- [Input material]
[Start of Attachment]

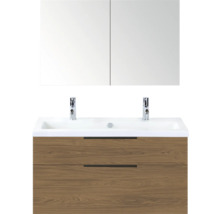 Wastafelcombinatie met spiegelkast, houtdecor en opzetwastafel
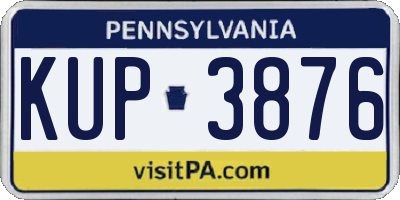 PA license plate KUP3876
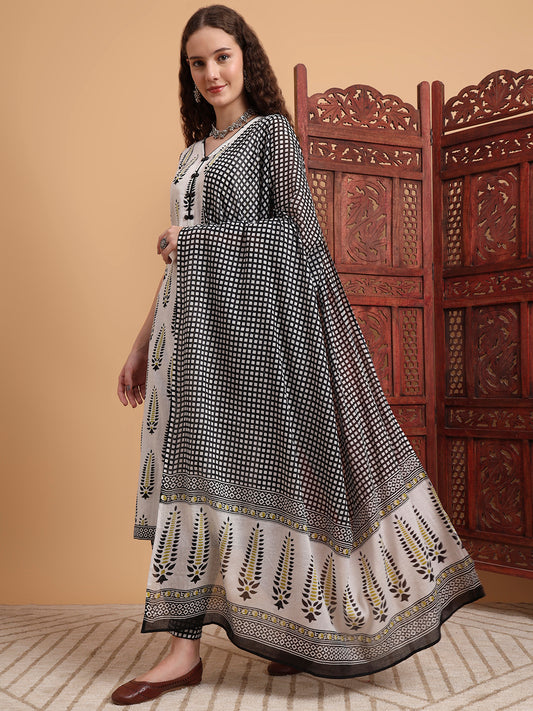 Hand Block Print White Kurta Set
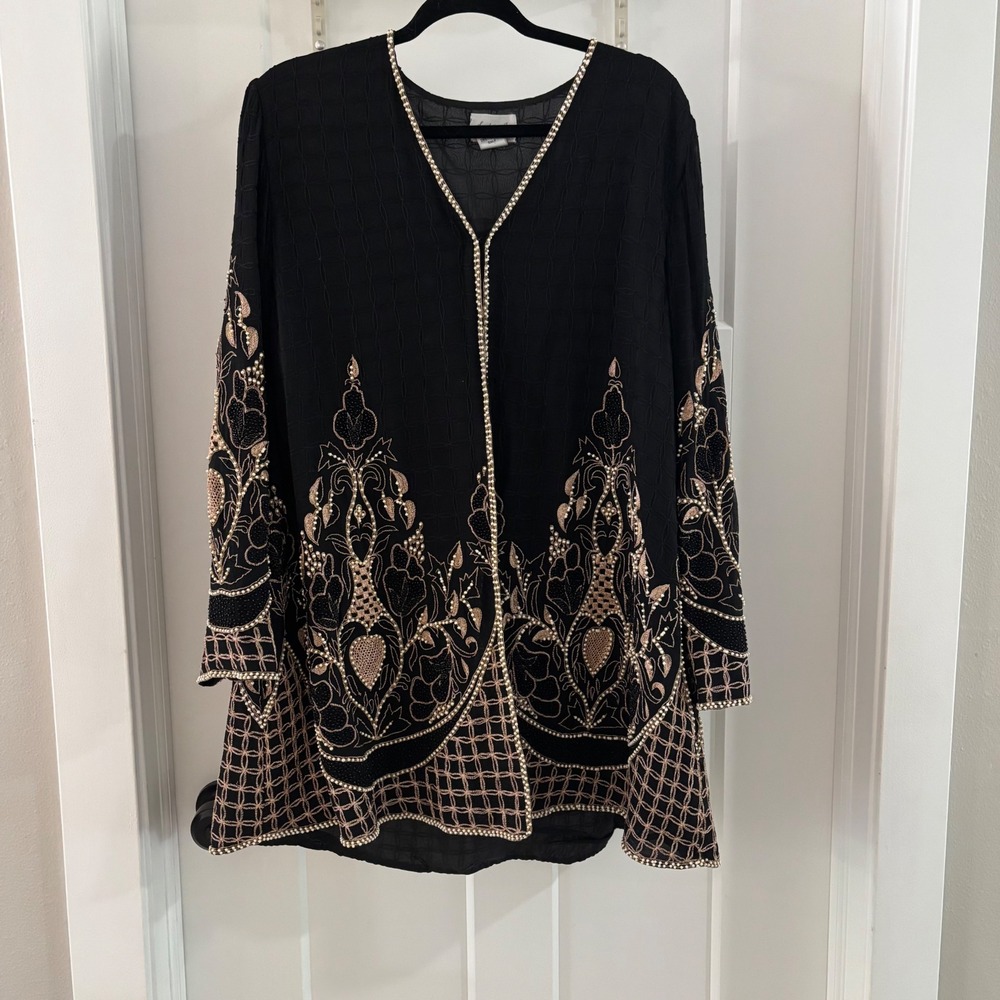 Vintage Judith‎ Ann Beaded Silk Jacket Black Gold Embellished Boho Western Large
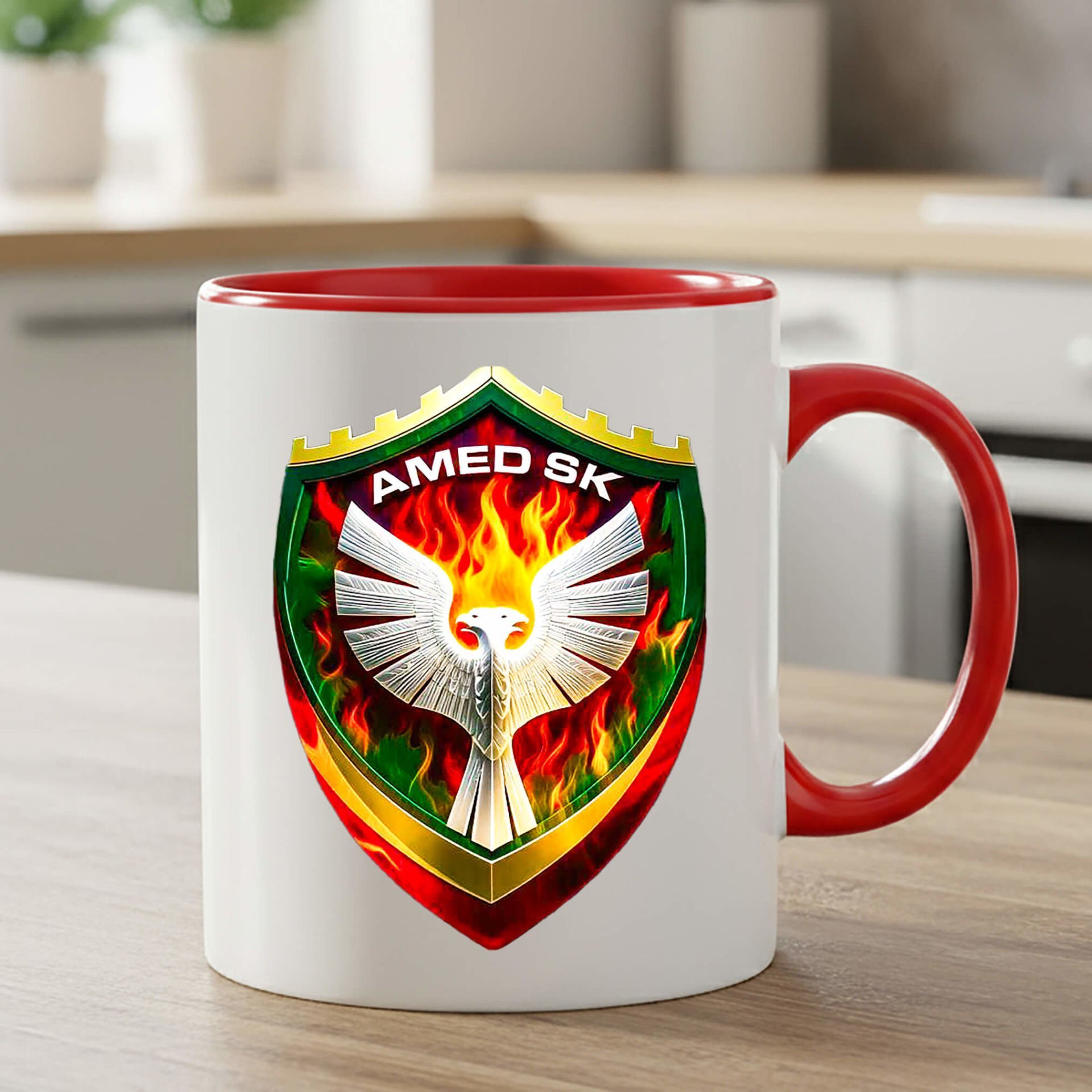 Amedspor Tasarımlı Kırmızı Renkli Klasik Kupa Bardağı - Amed Spor Kırmızı Renkli Klasik Kupa Bardak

[End of Attachment]

- [Work instruction] Which lines run from the one containing "Hand Block Print White Kurta Set" to the end of the data above? Set down those lines exactly, and only those, without any pictures.

- [The answer]
 Hand Block Print White Kurta Set
 Vintage Judith‎ Ann Beaded Silk Jacket Black Gold Embellished Boho Western Large
 Amedspor Tasarımlı Kırmızı Renkli Klasik Kupa Bardağı - Amed Spor Kırmızı Renkli Klasik Kupa Bardak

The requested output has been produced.